Diversity and inclusion have also become greater priorities for corporate boards, particularly in the wake of the Black Lives Matters protests over the past year. “The second thing that rose to the top was building a more diverse board and leadership team,” said Rojik. That ranked as a key priority for 45 percent of the board members surveyed.
Board members are also concerned about how well employees are operating in a remote environment during the pandemic as many of them now work from home.
“Clearly you’re seeing an intent to transition to some longer-term remote work for at least some employees,” said Rojik. “More than half, 51 percent, say they have plans to do that, given how work has progressed in the remote environment currently.”
Many companies have been forced to cut back on employees, with 38 percent of the directors indicating their organizations have laid off or furloughed workers. “That is a big concern,” said Rojik. “Do we have the right level of staffing? What does that look like going forward for companies that are rebuilding, and what does that look like for companies that are having to do layoffs. That is still very much unknown for many companies and obviously is industry dependent.”

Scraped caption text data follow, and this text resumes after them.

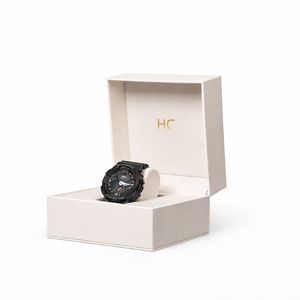 Boîte à montre automatique de luxe, coffret cadeau personnalisé pour bijoux, boîte rigide en cuir PU, coussin en velours pour montre, estampage à chaud, logo personnalisé, vente en gros - Product Image 5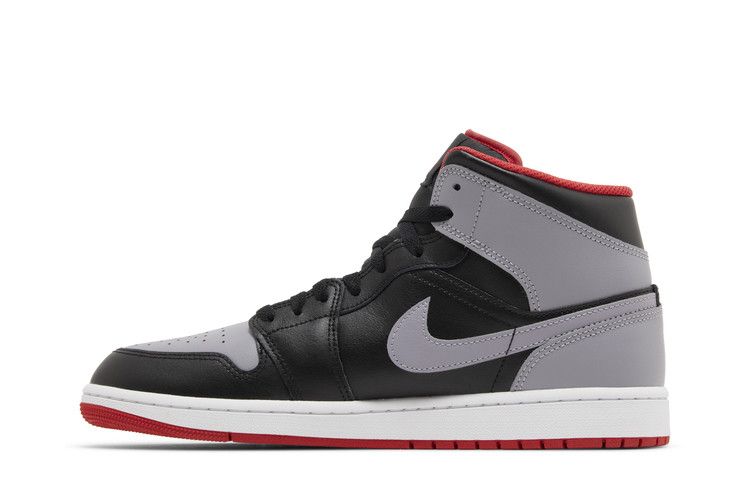 Air Jordan 1 Mid Black Grey Red
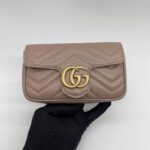 Gucci Marmont Super Mini Nude GHW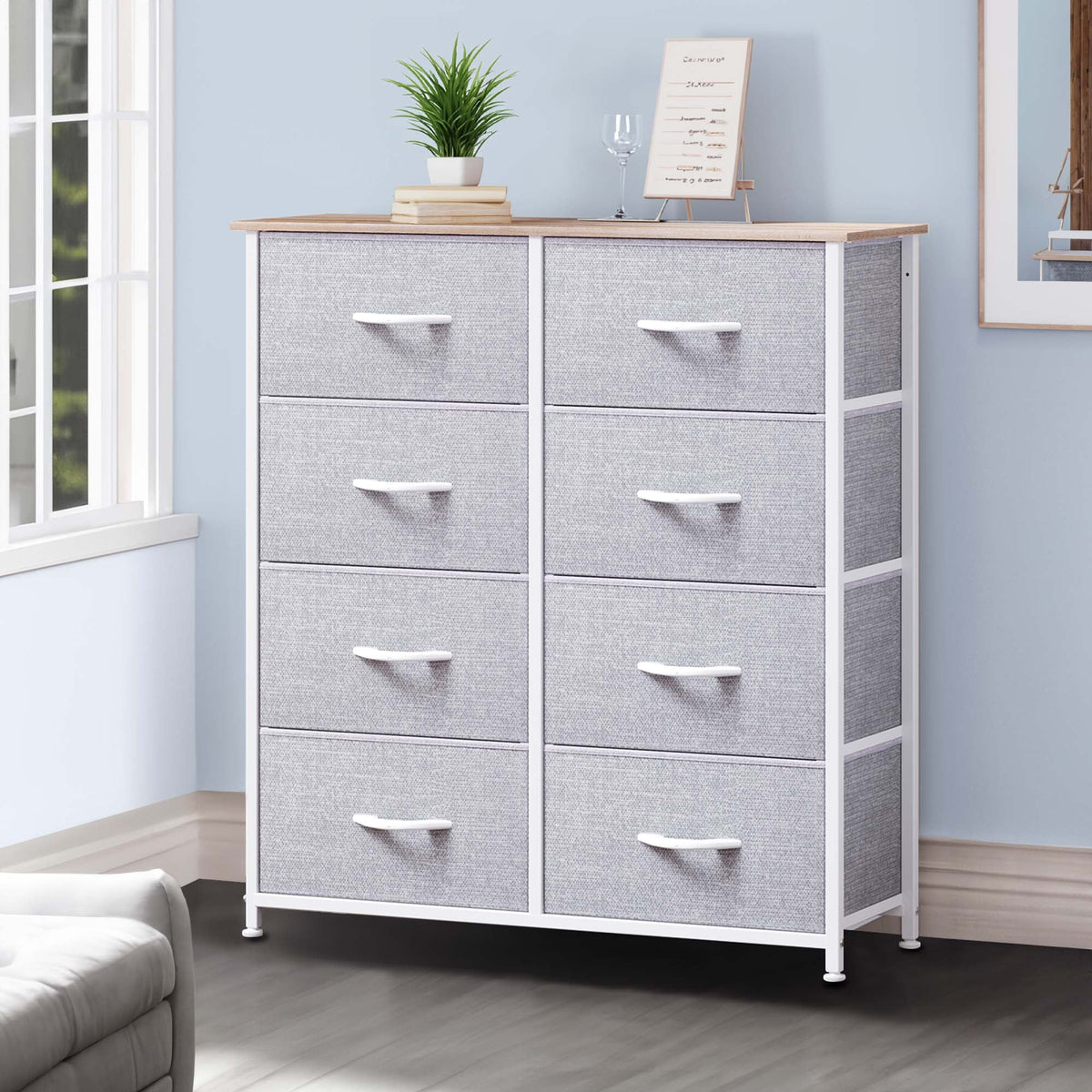 8 Drawer Fabric Storage Dresser S973980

The survey found 61 percent of the directors reported high or moderate levels of disruption in staffing, productivity and the remote work transition, while 28 percent plan to reduce their real estate footprint. “In looking toward action steps in trying to figure out what the workforce of the future might look like, it’s having the right size workforce, but also where those employees are going to conduct their work,” said Rojik. “Some of the questions we posed were about the real estate footprint that companies have. I know that as a firm of significant size, we have offices all across the U.S. That is a big question now that we have immersed ourselves in virtual work environments. That’s been going well for professional service firms, but does it make sense to carry large real estate holdings if the virtual environment is working out well? That’s one consideration in trying to contain costs and seeing what makes sense.”
Another major issue is company culture. “How do you maintain culture in a firm and an organization where you now have a workforce that is maybe geographically disbursed and doesn’t have those kinds of water cooler connectivity points?” said Rojik. “How do you get creative in doing that and be very intentional in maintaining the culture of your company? That’s another aspect that could have financial implications going forward because it speaks to the productivity and satisfaction of your workforce. It also speaks to how you’re engaging with your customers, vendors and others. How does that work over the longer term? All of these are very significant questions that were raised in our survey.”